LETTER CONCERT BY ANDRÁS BÁLINT AND BALÁZS FÜLEI
„It is hard to find a more mysterious man in the 20th century than Bartók. It is still a mystery to me what it would be like to meet him; even if I have seen a lot of photos and have read a lot about him I can't imagine encountering him in the street. It is interesting because I could easily imagine that situation with Franz Liszt, for instance; perhaps because he had lived a more outwardly open life. From this aspect Bartók is full of secrets for outsiders, but perhaps was far more intimate with his family members than any of us”– has written Balázs Fülei in the preface of a new production being his brainchild and him also being one of the participants in it. Viva Bartók is an unconventional performance with an unconventional genre: the letter concert revives Bartók's two different voices, András Bálint will read his letters and Balázs Fülei will play his pieces. The premiere will be held at the Radnóti Theatre on September 26th directed by Judit Galgóczy.

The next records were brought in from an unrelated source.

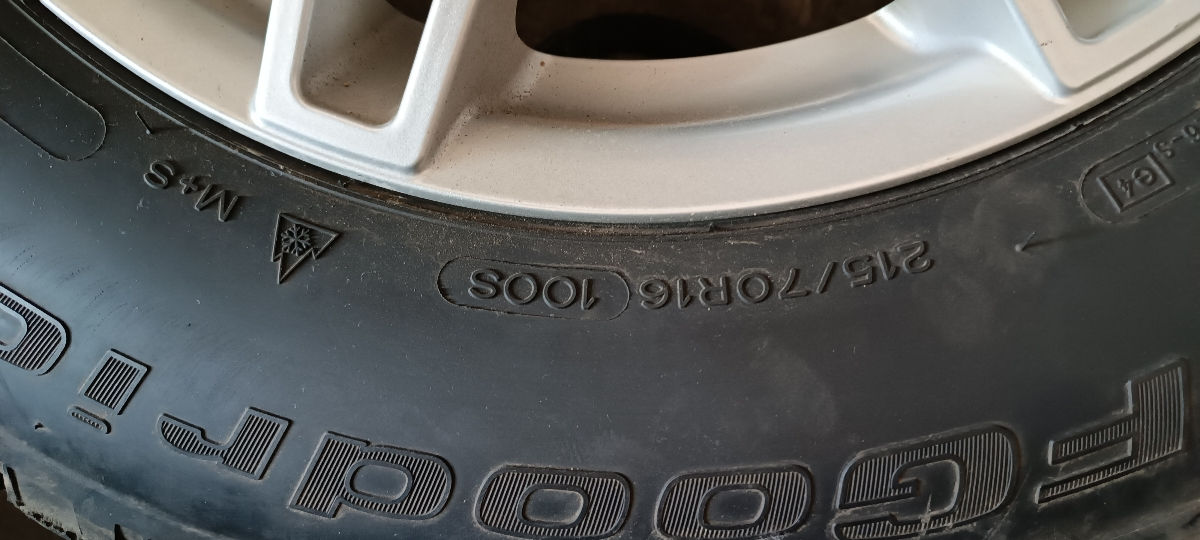 O anvelopă 215/70 R16 foto 3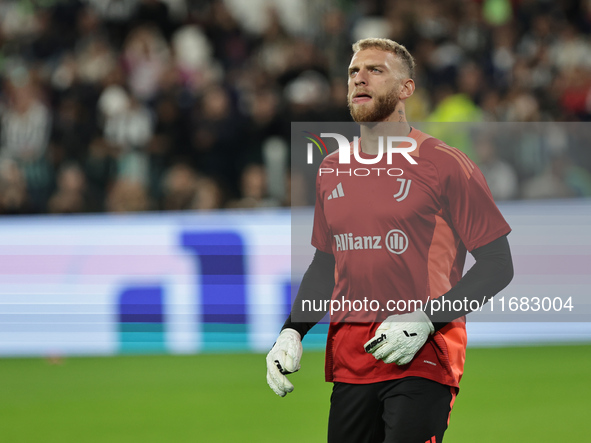 Michele Di Gregorio participates in the Serie A 2024-2025 match between Juventus and Lazio in Turin, Italy, on October 19, 2024 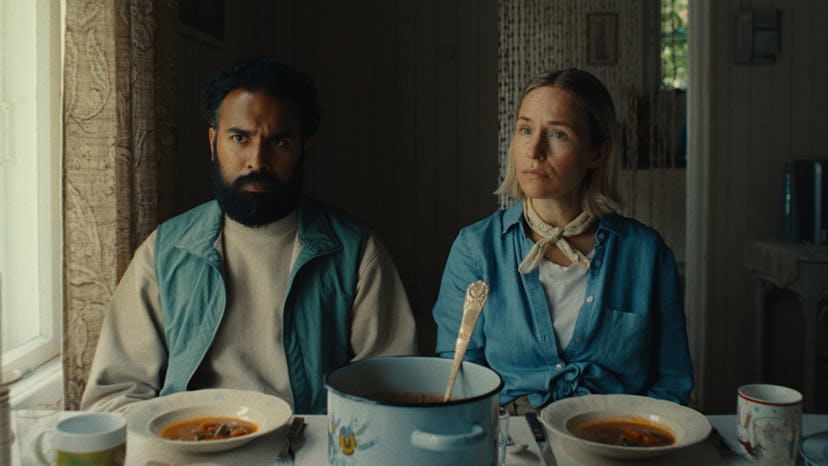 Himesh Patel and Sarah Goldberg appear in ‘Bubble & Squeak.'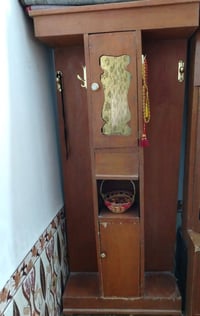 للبيع • السعر خاص • خزائن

While alive, he was even more popular than Mozart and was invited by Katherine, the tsarina of Russia to be her court conductor to Petersburg and then by Napoleon to Paris. The premiere night of his opera titled Nina – according to reminiscences – was such an elated experience for the audience that they were shouting, crying or sitting shocked wordlessly and unable to move out of the auditorium. The professional and private life of the crackerjack composer with his bright blue eyes was also full of adventures; once he even got imprisoned because he had failed to keep a written promise of marriage. The composer was born in Taranto in 1740 and every year there is a festival in his hometown dedicated to him. In the festival's programme this year, on September 20th, the audience will have the opportunity to listen to a solo recital by Balázs Fülei playing Paisiello's sonatas and works by Purcell, Zipoli, Mozart and Schubert as well.
The Auer Trio will be introduced in Warsaw on September 22nd and 23rd by playing the Piano trio in G major (all'Ongarese) by Haydn, as well as pieces by Liszt, Bartók, Kodály, Chopin and Lutosławski. The new formation was etablished a year ago by Péter Kováts, István Varga and Balázs Fülei. Last time the audience could hear the three musicians in August, at the opening concert of the Auer Festival. The trio has received an invitation for a concert in Rome in October.
Gustav Mahler's widow, Alma Mahler-Werfel packed up all the manuscripts and notes of his husband into a suitcase after the Anschluss to take it with her to the immigration to New York. In order to be able to board a ship departing from Lisbon, the small group – with Heinrich Mann among them – had to walk several kilometers on mountain trails at the French-Spanish border. Alma, being already rather old at the time, was unwaveringly carrying the suitcase – she wanted to have Mahler's legacy in safety. The manuscripts, among them the Piano Quartet in A minor, are still held at the Pierpont Morgan Library in New York. This piece, having such a romantic fate will also be played by Balázs Fülei and the artists of the Hungarian State Opera within the framework of the orchestra's traditional chamber music series at their concert on September 9th at the Erkel Theatre.
He was so deeply touched by the works of Debussy and Manuel de Falla that for a while he was preparing to become a musician. Federico Garcia Lorca first had become an enthusiastic discipline respecting de Falla as his master, then they became close friends. When in the summer of 1936, at the beginning of the civil war Franco's men took away Lorca, de Falla, being apolitical until then, moved heaven and earth to free his friend – unfortunately, without success. At the Lorca memorial evening on September 25th at MÜPA his writings and his folk song adaptations will be heard and Balázs Fülei will play pieces by Debussy and de Falla, having such a deep effect on the Spanish poet and playwright.